Tod in den Turbinen
26.01.2022
Wissenschaftler des Leibniz-Instituts für Gewässerökologie und Binnenfischerei (IGB) Berlin haben die globale Sterblichkeit von Fischen bei der Passage von Wasserkraftwerken untersucht. Die Auswertung und Ergebnisse beziehen sich auf Daten von mehr als 275.000 Fischen und 75 Fischarten. Das Ergebnis – jeder fünfte Fisch, der die Turbine einer Wasserkraftanlage flussabwärts durchquert, erleidet tödliche Verletzungen!
Speziell in Anbetracht der weltweit schwindenden fossilen Energieträger, steigt der Druck, den heutigen Strombedarf aus regenerativen Energiequellen zu decken stetig. Eine Form dieser regernativen Stromgewinnung ist die Wasserkraft. Zwar mag die aus Wasserkraft gewonnene Energie rein rechnerisch betrachtet regenerativ sein - die negativen ökologischen Effekte, die damit einhergehen, sind es nicht und bleiben meist unter der Wasseroberfläche verborgen. Durch den mit der Wasserkraft verbundenen Aufstau der Flüsse kommt es zu weitreichenden Veränderungen des Abflussgeschehens und der Flussmorphologie, zur Erwärmung der Gewässer, zur verstärkten Emission von Treibhausgasen sowie zum Verlust des Sedimenttransports und wichtiger Habitate.

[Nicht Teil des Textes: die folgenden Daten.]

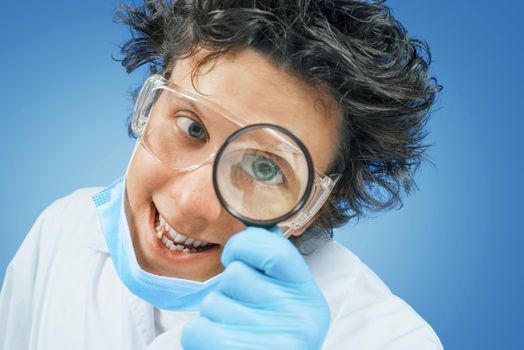 Crazy happy scientist looks through a magnifying glass on a blue background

Darüber hinaus hinterlassen die Wasserkraftturbinen enorme Spuren an den Fischen, wenn diese versuchen flussabwärts zu wandern. Abrupte Druckänderungen, Kavitation, Turbulenzen und Scherkräfte innerhalb der Turbinen sowie physischer Kontakt mit den Schaufeln der Turbine enden für die Fische nicht selten tödlich. Fische können dem kaum ausweichen. Im Gegensatz zur Windkraft, bei der sich der Rotor frei in der Luft bewegt und umflogen werden kann, wird bei der Wasserkraft der Fluss, d.h. der gesamte Fisch-Lebensraum durch die Turbine gezwungen.
Aufgrund der unklaren Datenlage, wie viele Fische beim Durchqueren von Wasserkraftanlagen tödlich verletzt werden, hat Dr. Johannes Radinger (Erstautor der Studie) mit den Kollegen Ruben van Treeck und Dr. Christian Wolter alle verfügbaren und abgesicherten Daten und Studien hinsichtlich der Sterblichkeit zusammengetragen und analysiert. Neben der erstmaligen globalen Betrachtung der von Wasserkraftanlagen ausgehenden Mortalität auf Fische, wurden in der Auswertung ebenfalls die Unsicherheiten bezüglich des Fisch Handlings sowie methodischer Unterschiede der Fischbestandsaufnahmen der einzelnen Studien berücksichtigt.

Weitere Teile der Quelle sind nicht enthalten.